▶ INSTRUCTIONS FOR THE TASK: Every line in the data below from the one containing "12 adorable animals" down to the one containing "PikePredator Pike, predator", both included, must be retyped exactly; no other line is to appear.

▶ DATA:
══════════════════════════════
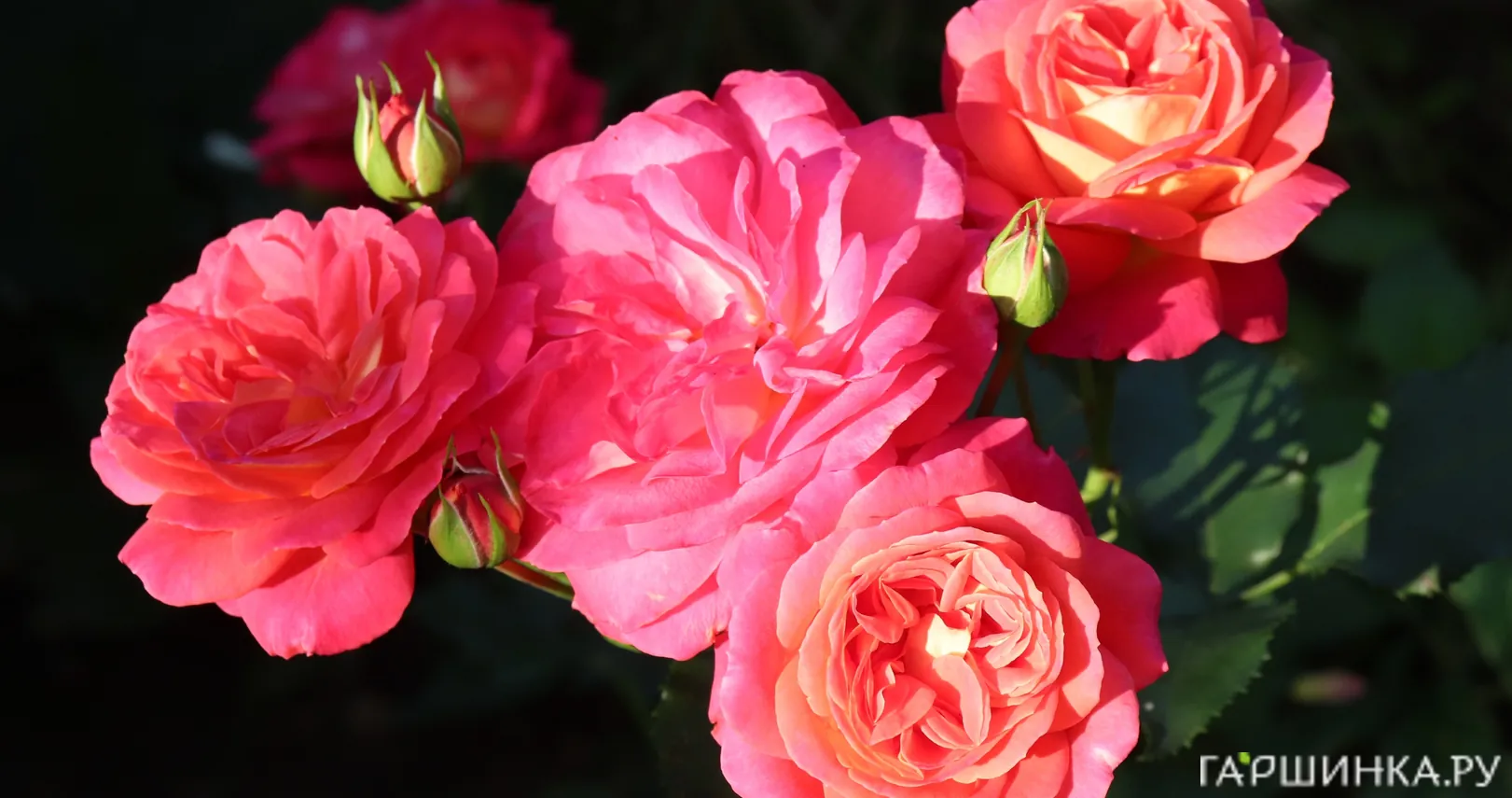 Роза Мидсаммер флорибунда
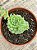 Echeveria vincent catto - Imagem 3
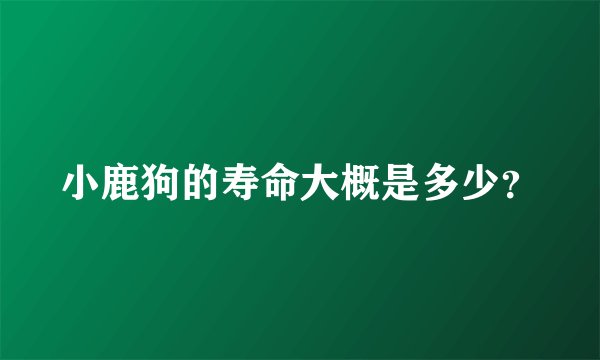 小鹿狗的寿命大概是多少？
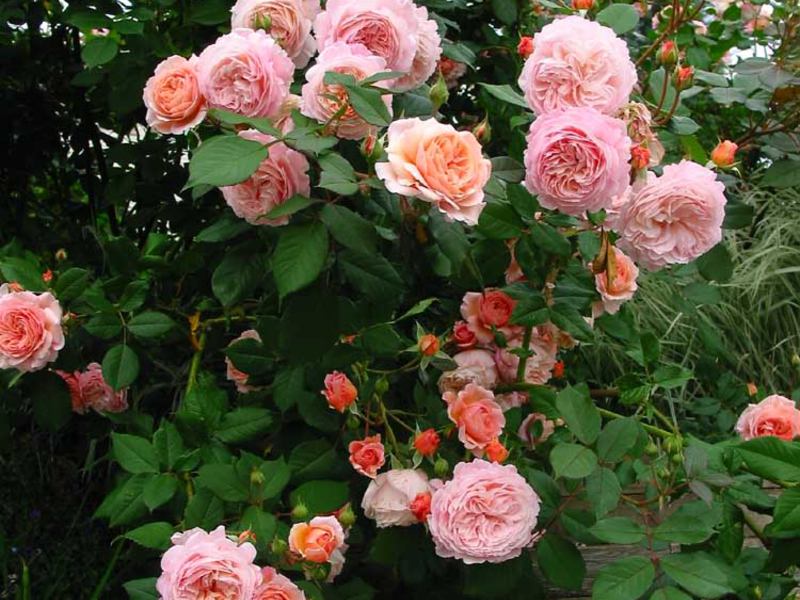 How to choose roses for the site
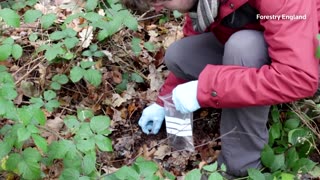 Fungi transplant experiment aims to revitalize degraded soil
══════════════════════════════
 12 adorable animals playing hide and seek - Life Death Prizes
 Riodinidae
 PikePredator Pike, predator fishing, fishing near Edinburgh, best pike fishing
══════════════════════════════
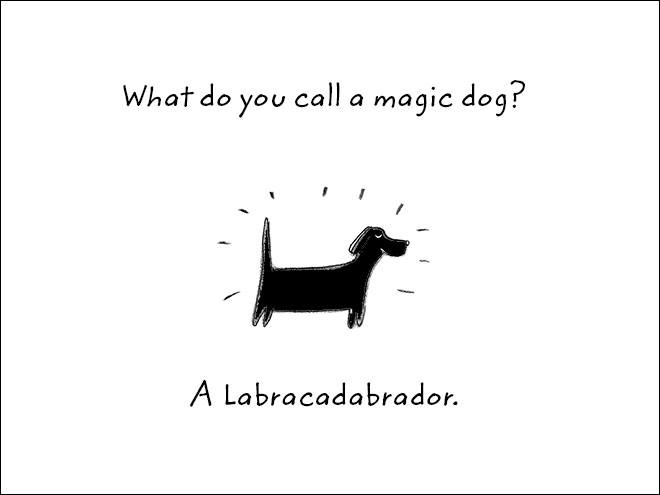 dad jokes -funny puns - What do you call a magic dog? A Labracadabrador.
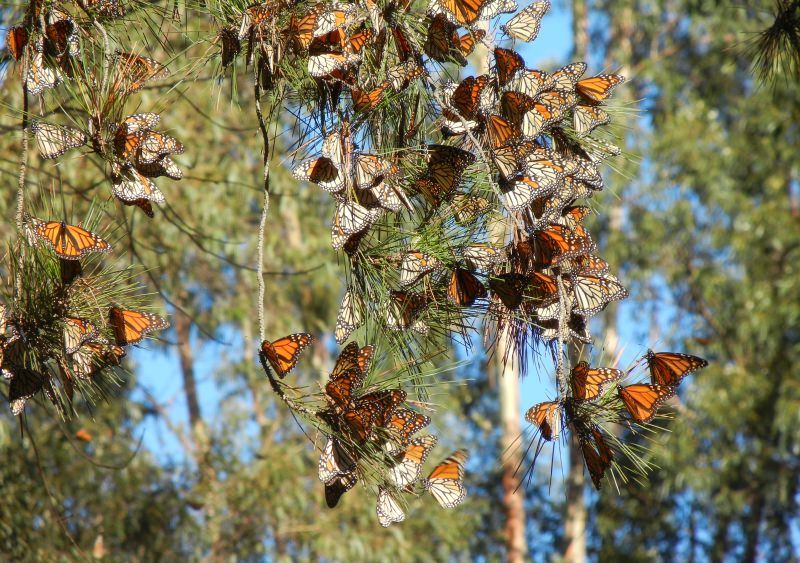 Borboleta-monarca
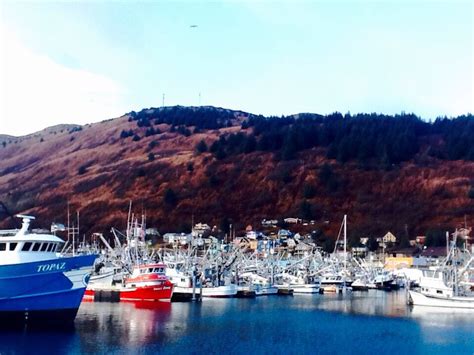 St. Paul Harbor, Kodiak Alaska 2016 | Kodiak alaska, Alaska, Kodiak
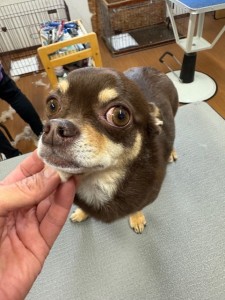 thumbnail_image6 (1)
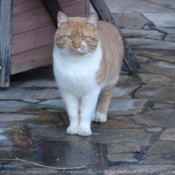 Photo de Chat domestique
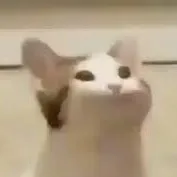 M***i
══════════════════════════════
▶ TASK RESPONSE:
 12 adorable animals playing hide and seek - Life Death Prizes
 Riodinidae
 PikePredator Pike, predator fishing, fishing near Edinburgh, best pike fishing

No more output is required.